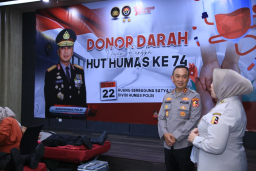Thumbnail Humas Polri Gelar Donor Darah Serentak, Terkumpul 16.619 Kantong dalam Rangka Hari Jadi ke-74 Humas Polri Gelar Donor Darah Serentak, Terkumpul 16.619 Kantong dalam Rangka Hari Jadi ke-74
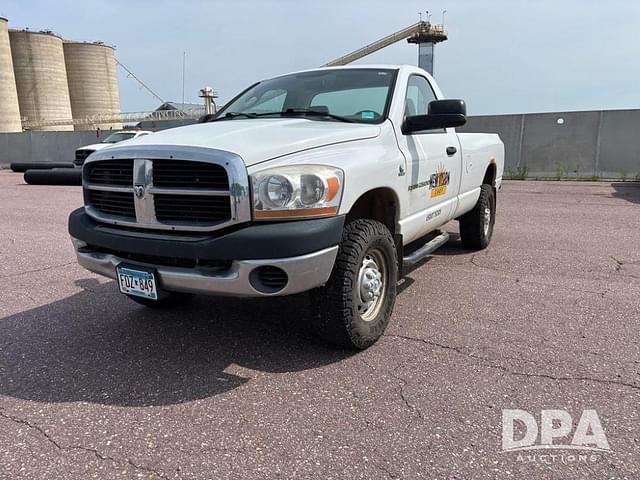 Image of Dodge Ram 2500 equipment image 1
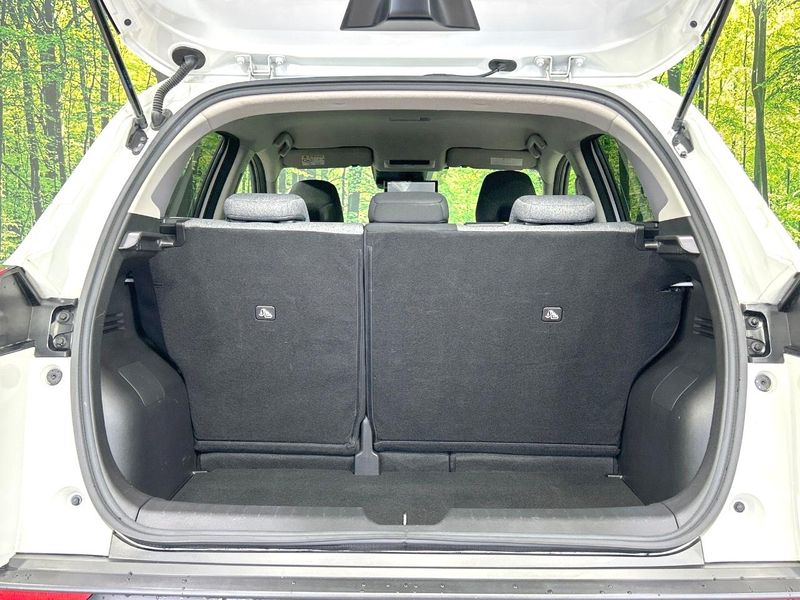 2021 Nissan Note 6AA-E13 (UW-6aa764da29f10)[28]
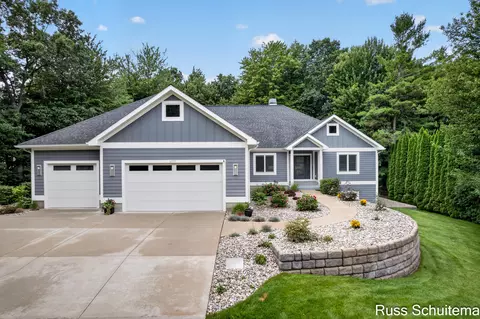 6335 Silverton Dr, Norton Shores, MI 49444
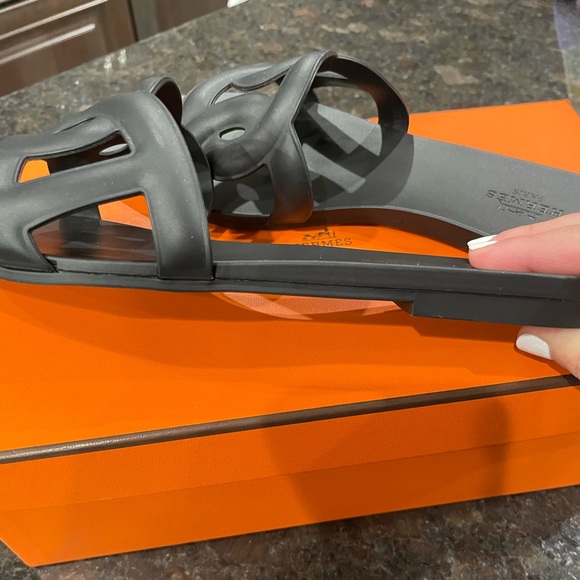 Hermes Aloha Sandals - Picture 9 of 12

+ + +

*WHAT YOU SHOULD DO:* Give back exactly the lines from the one containing "2021 Nissan Note" through the last line above, both included, and none of the pictures.

*THE COMPLETED TASK:*
 2021 Nissan Note 6AA-E13 (UW-6aa764da29f10)[28]
 6335 Silverton Dr, Norton Shores, MI 49444
 Hermes Aloha Sandals - Picture 9 of 12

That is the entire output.